On October 20, after four months of heavy fighting, the US-backed Syrian Democratic Forces (SDF) established control over Raqqa, once the de facto capital of the Islamic State (IS, formerly ISIS/ISIL) terrorist group. The US command says more than 1,100 US-supported troops were killed and over 3,900 wounded in the battle for the city.
‘Hell on earth’: 80% of Raqqa destroyed, covered with mines - journalists
The liberation of the Raqqa, however, came at an extremely heavy price for civilians, with at least 1,800 casualties according to conservative estimates by Airwars, a journalist-led transparency project assessing reports of civilian casualties. It added that tens of thousands were displaced from their ravaged neighborhoods.
Some 200,000 people are estimated to have still been living in the city when the siege began in June.
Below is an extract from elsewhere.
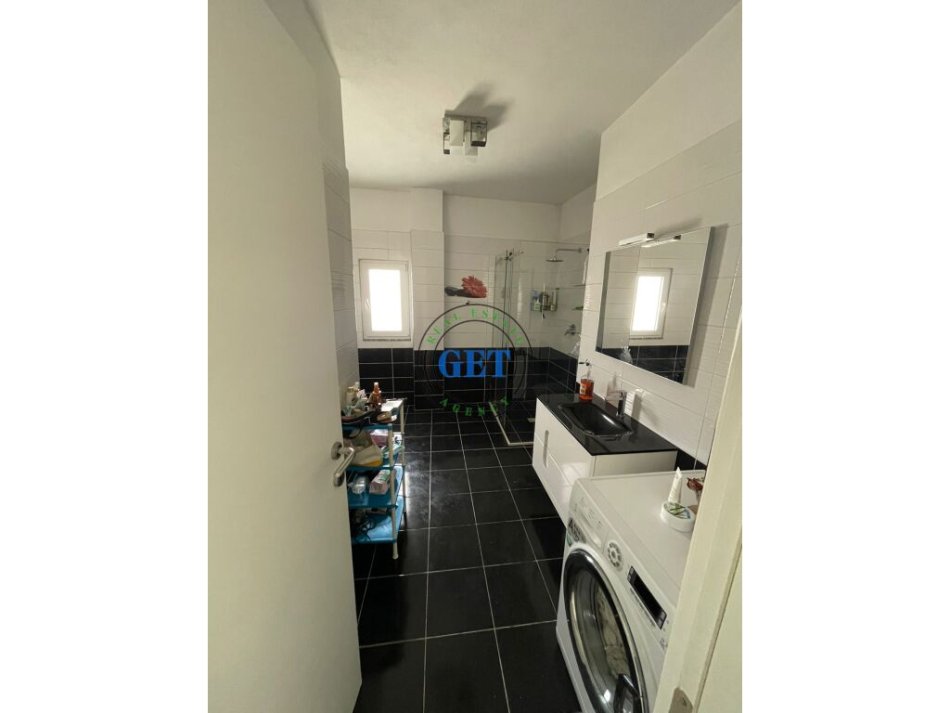 Durres, shitet apartament 3+1 Kati 5, 150 m² 170.000 € (Shkembi i Kavajes)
Most residential buildings in the city, now described by international journalists as a “ghost town” and “hell on earth,” have been rendered uninhabitable during the fighting which involved extensive airstrikes and artillery shelling.
“Raqqa’s fate calls to mind that of Dresden in 1945, leveled by the US-British bombings,” the Russian Defense Ministry said earlier, referring to the controversial WWII campaign, during which American and British bombers dropped over 3,900 tons of bombs on the Nazi-controlled German city, killing some 25,000 civilians and obliterating much of its center.
Damascus estimates that over 90 percent of Raqqa city has been destroyed by the “deliberate and barbaric bombardment” of US-led coalition airstrikes. “Yet despite the misery, the US and its allies are celebrating what they call the liberation of Raqqa over the bodies of their victims,” Syria’s Foreign Ministry’s official source said.
Touring the ravaged city, RT Ruptly’s video agency discovered the true level of destruction and anguish suffered by the locals during the US-supported SDF campaign to liberate Raqqa and its surrounding villages. One local woman claimed that around 25 families were killed when SDF tried to ‘liberate’ her neighborhood from IS terrorists on October 20.
“Those who died in that house were 25 civilian families, not 25 civilians, but 25 civilian families,” the woman, who asked not to be named due to fear of reprisals, said. Walking among the rubble, she noted that “300 people died in this building [from an air strike], some were civilians and some were from ISIS – but most of them were civilians.”
The Combined Joint Task Force – Operation Inherent Resolve (CJTF-OIR) however denied the claims when Ruptly reached out for comment. “There is no evidence to substantiate any claim that 25 families were killed in any Coalition strike during the recent operation to liberate Raqqah,” CENTCOM said in a statement. “The Coalition and our partner forces in Iraq and Syria take extraordinary care to protect the civilian population. We take all reports of civilian casualties seriously and assess all reports as thoroughly as possible.”
As the SDF continues its operations against IS around the city, Damascus insists that Raqqa remains under the occupation of US-forces and will remain so until Syrian troops enter the city. The Foreign Ministry accused the SDF of forcefully displacing locals and seizing the Syrian government's humanitarian aid destined for civilians. The US-led forces, according to the official Syrian source, also “confiscate locals’ IDs and documents and subject them to brutal torture and detainment.”